Material shown →
== Segment start ==

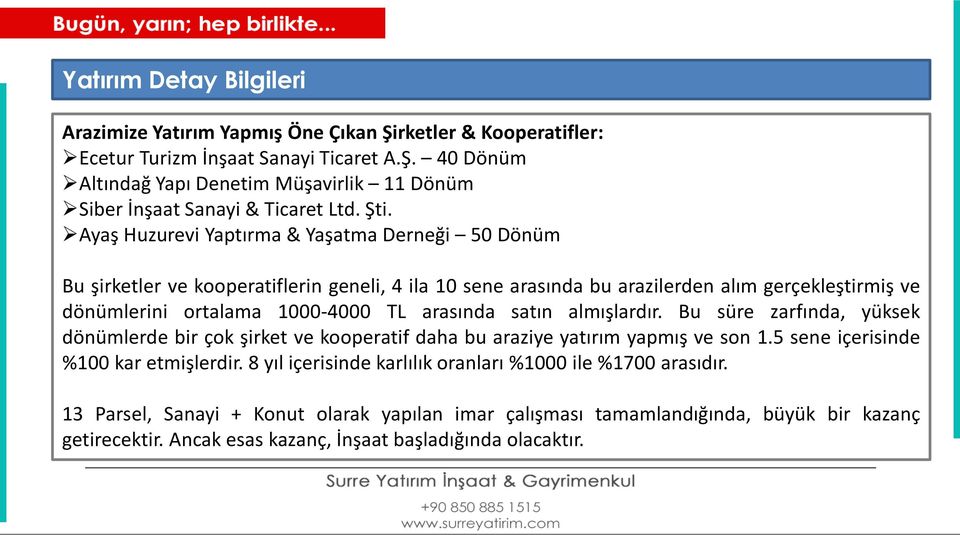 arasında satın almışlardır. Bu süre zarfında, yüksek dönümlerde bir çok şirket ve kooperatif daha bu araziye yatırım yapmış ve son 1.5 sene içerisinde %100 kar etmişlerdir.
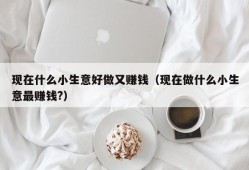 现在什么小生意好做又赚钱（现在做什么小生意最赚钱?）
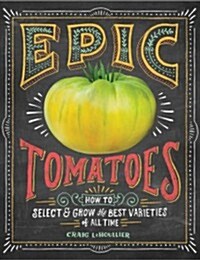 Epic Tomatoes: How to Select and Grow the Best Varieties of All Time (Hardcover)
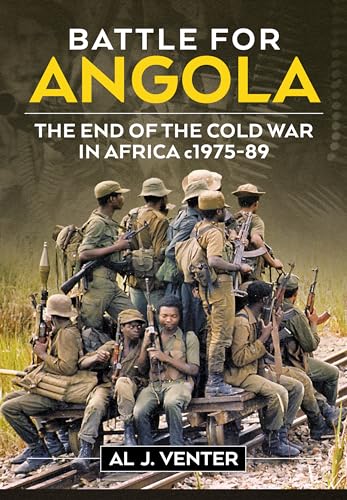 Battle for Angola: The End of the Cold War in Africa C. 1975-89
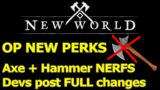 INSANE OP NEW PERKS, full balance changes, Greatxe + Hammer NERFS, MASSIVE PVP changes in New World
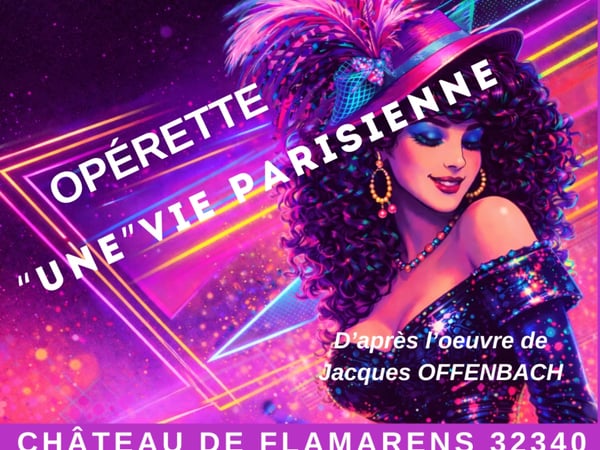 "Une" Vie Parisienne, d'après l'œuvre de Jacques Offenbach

== Segment end ==
== Segment start ==

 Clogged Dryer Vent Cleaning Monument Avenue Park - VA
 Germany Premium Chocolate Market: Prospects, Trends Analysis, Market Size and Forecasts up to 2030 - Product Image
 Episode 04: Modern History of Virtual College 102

== Segment end ==
== Segment start ==

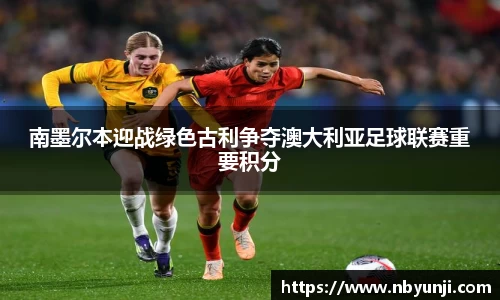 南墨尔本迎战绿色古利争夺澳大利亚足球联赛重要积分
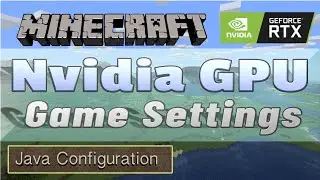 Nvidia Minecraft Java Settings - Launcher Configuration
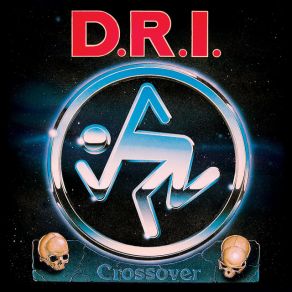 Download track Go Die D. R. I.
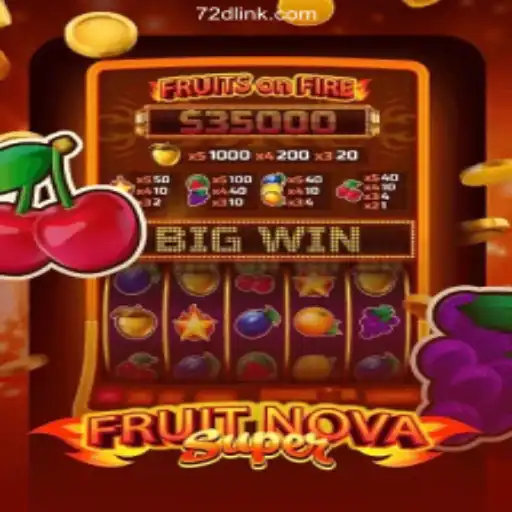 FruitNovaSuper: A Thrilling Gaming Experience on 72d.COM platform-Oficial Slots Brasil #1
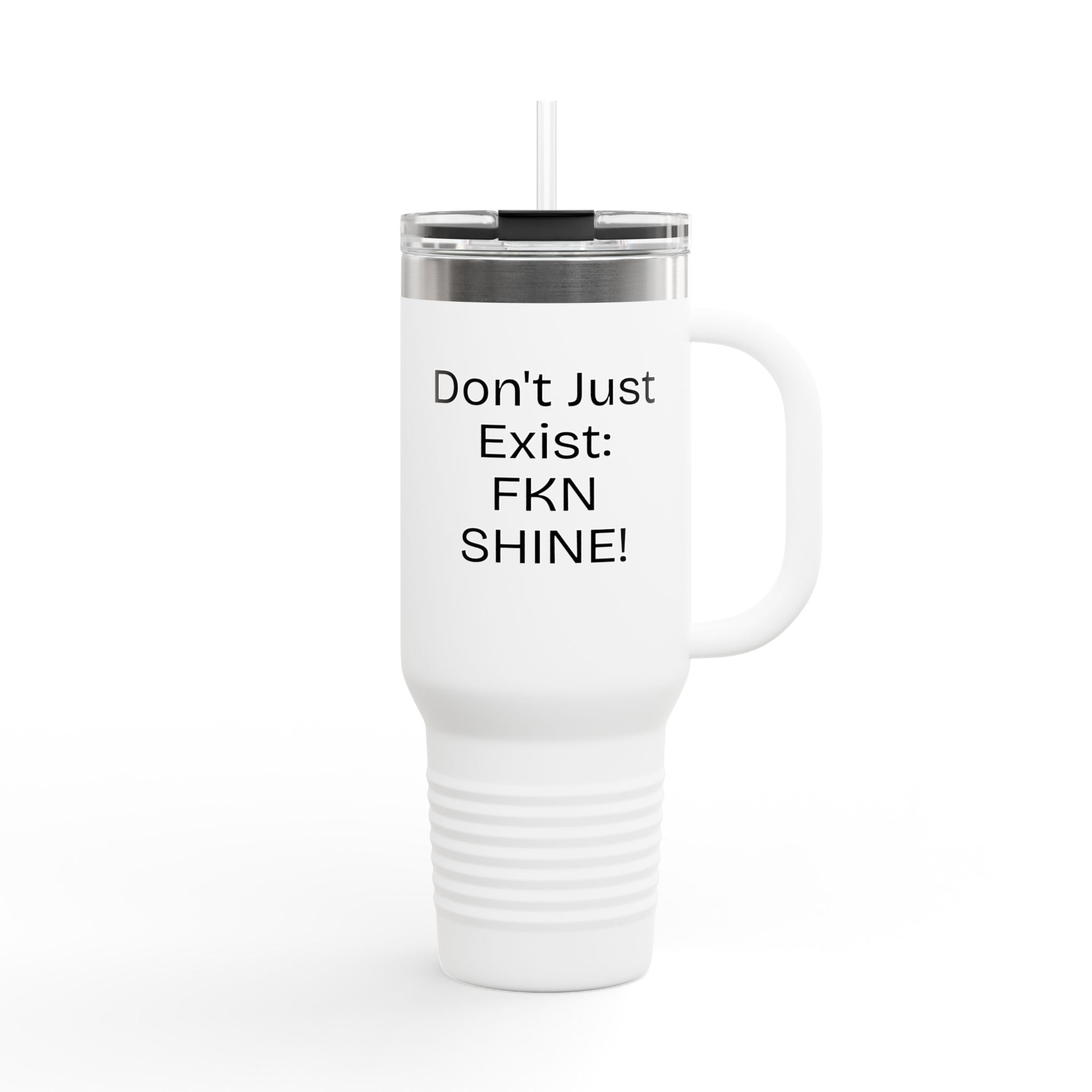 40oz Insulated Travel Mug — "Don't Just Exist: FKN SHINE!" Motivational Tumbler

== Segment end ==

Work required → Reproduce exactly the lines above starting at the line containing "arasında satın almışlardır." and ending at the line containing "de Jacques Offenbach", including both, but not the pictures.

Solution to the exercise →
 arasında satın almışlardır. Bu süre zarfında, yüksek dönümlerde bir çok şirket ve kooperatif daha bu araziye yatırım yapmış ve son 1.5 sene içerisinde %100 kar etmişlerdir.
 现在什么小生意好做又赚钱（现在做什么小生意最赚钱?）
 Epic Tomatoes: How to Select and Grow the Best Varieties of All Time (Hardcover)
 Battle for Angola: The End of the Cold War in Africa C. 1975-89
 INSANE OP NEW PERKS, full balance changes, Greatxe + Hammer NERFS, MASSIVE PVP changes in New World
 "Une" Vie Parisienne, d'après l'œuvre de Jacques Offenbach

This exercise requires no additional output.